I need to pivot a tidy dataset into a wider format based on two set of keys using dplyr. I am not great with the terminology of pivoting so please excuse if 'keys' was not the right term. Here is some toy data to illustrate. These are data from two fictional participants: three different measures taken once on each of four days. For each measure we have a total score summed across the four days, expressed in the 'tot' column.
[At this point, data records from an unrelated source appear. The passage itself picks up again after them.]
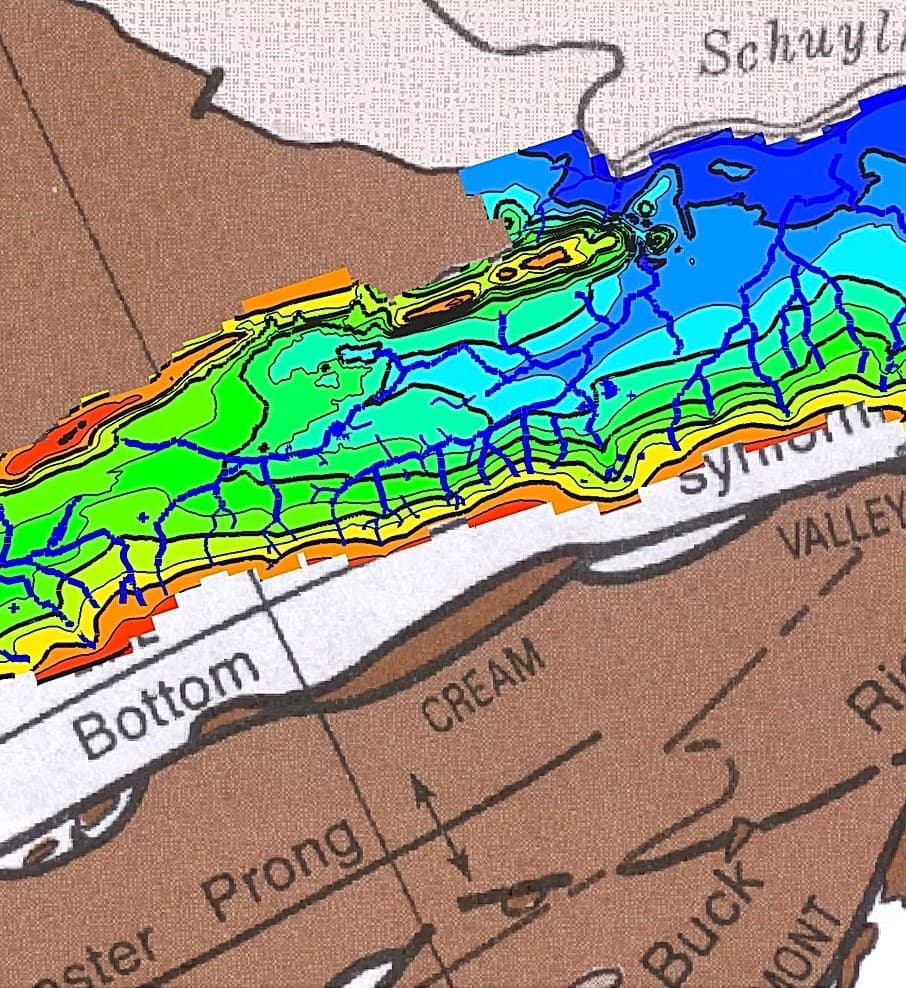 GIS map with color-coded elevation or depth contours, stream network overlay, and vintage cartographic base showing place names including Schuylkill region labels.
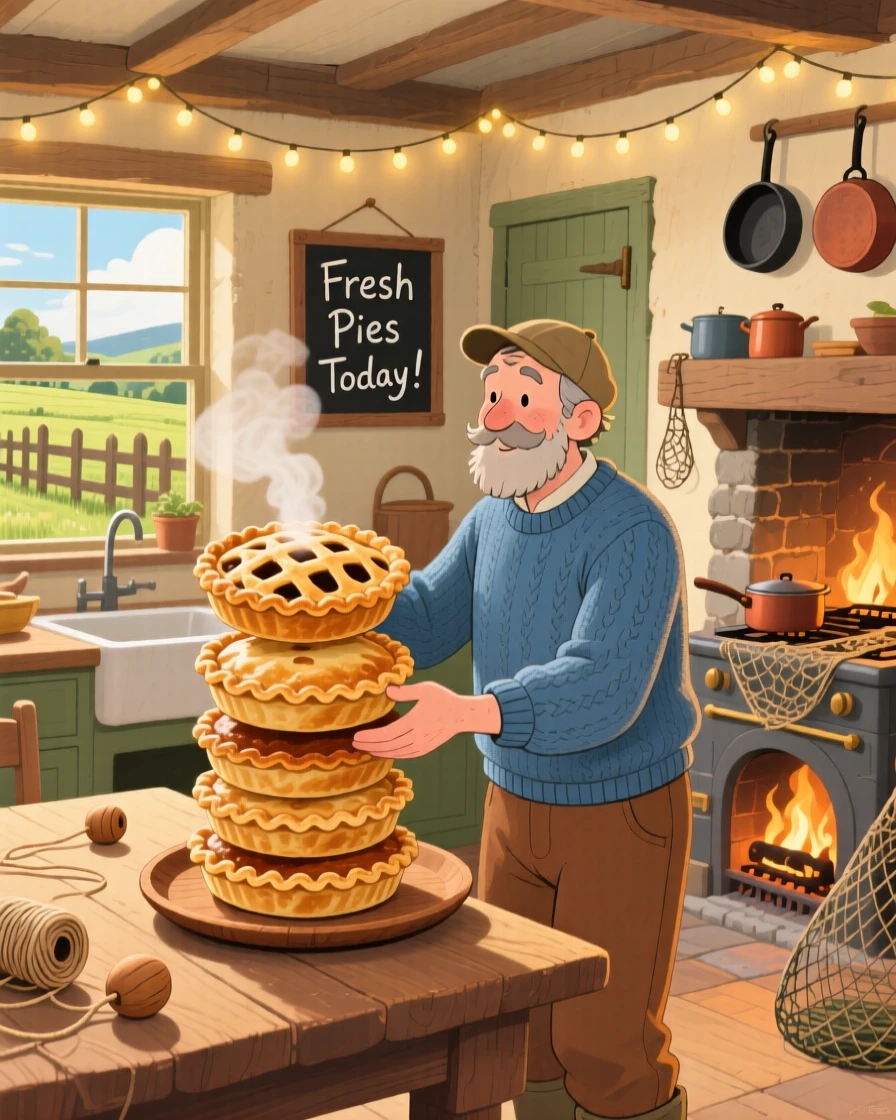 In a countryside farmhouse kitchen, a fisherman mending his nets is busy carrying a stack of freshly baked pies, while string lights twinkle overhead.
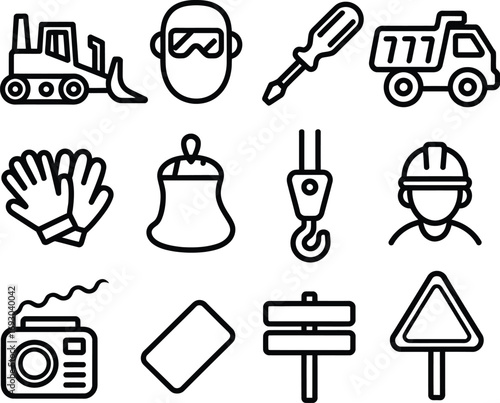 Construction and safety icons representing tools and equipment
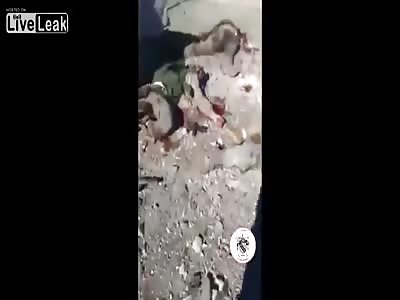 Aftermath of targeted airstrike on al nusra comander with his fellow rats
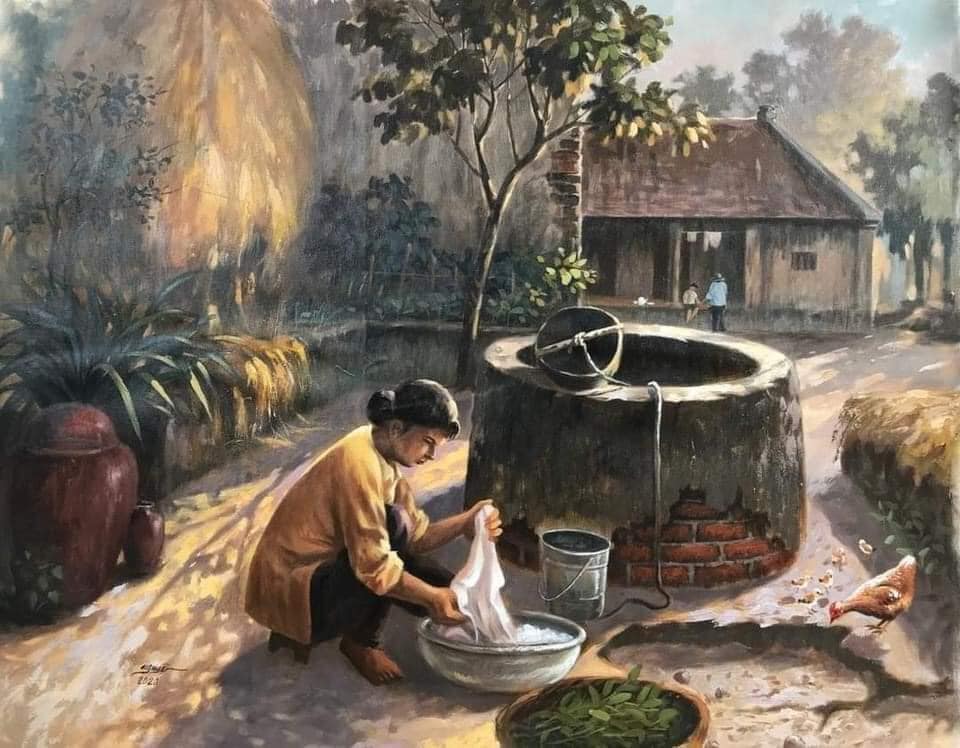 Tranh đồng quê Mẹ giặt quần áo bên giếng nước kèm khung tranh nhà cổ xưa Bắc Bộ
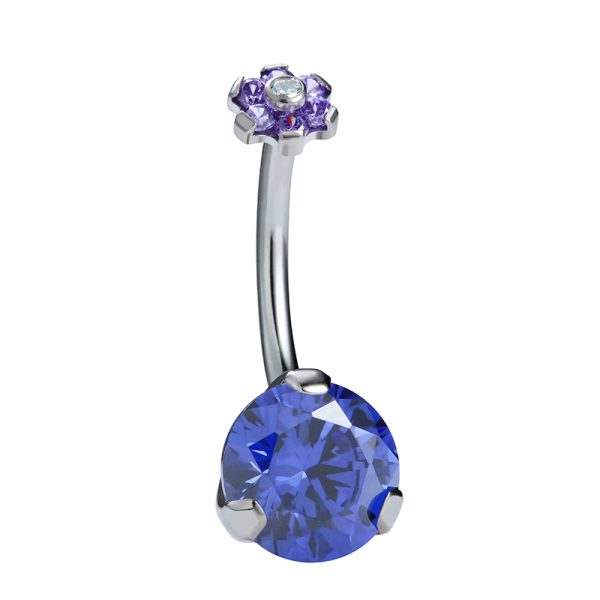 Titanium Flower Top Jeweled Belly Ring - Image 2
This value will be constant over the four days for each measure.
library(dplyr)
df <- data.frame(id = rep(c("DFE3",
"DFE76"),
each = 12),
measure = rep(letters[1:3],
each = 4,
length.out = 24),
day = rep(1:4,
times = 3,
length.out = 24),
score = sample(0:5,
24,
replace = T)) %>%
arrange(id,measure,day) %>%
group_by(id, measure) %>%
mutate(tot = sum(score)) %>%
ungroup
df
# # A tibble: 24 x 5
# id measure day score tot
# <fct> <fct> <int> <int> <int>
# 1 DFE3 a 1 5 12
# 2 DFE3 a 2 2 12
# 3 DFE3 a 3 5 12
# 4 DFE3 a 4 0 12
# 5 DFE3 b 1 1 9
# 6 DFE3 b 2 2 9
# 7 DFE3 b 3 5 9
# 8 DFE3 b 4 1 9
# 9 DFE3 c 1 0 15
# 10 DFE3 c 2 5 15
# # i 14 more rows
# # i Use `print(n = ...)` to see more rows
Now what I want to do is pivot so that I get one column for each measure
and week
for the score
column AND one column for each measure only for the tot
column.
When I ran this code...
df %>%
pivot_wider(names_from = c(measure,
day),
values_from = c(score, tot))
# A tibble: 2 x 25
# id score_a_1 score_a_2 score_a_3 score_a_4 score_b_1 score_b_2 score_b_3 score_b_4 score_c_1 score_c_2 score_c_3 score_c_4 tot_a_1
# <fct> <int> <int> <int> <int> <int> <int> <int> <int> <int> <int> <int> <int> <int>
# 1 DFE3 2 1 3 3 4 4 5 0 2 0 3 5 9
# 2 DFE76 1 4 4 2 1 2 2 4 2 3 2 5 11
# # i 11 more variables: tot_a_2 <int>, tot_a_3 <int>, tot_a_4 <int>, tot_b_1 <int>, tot_b_2 <int>, tot_b_3 <int>, tot_b_4 <int>,
# # tot_c_1 <int>, tot_c_2 <int>, tot_c_3 <int>, tot_c_4 <int>
...it gave me what I wanted for the score variable - spread across measure
and week
- but it did the same thing for the tot
column, which is not what I want (there should only be three columns per id, one for each measure.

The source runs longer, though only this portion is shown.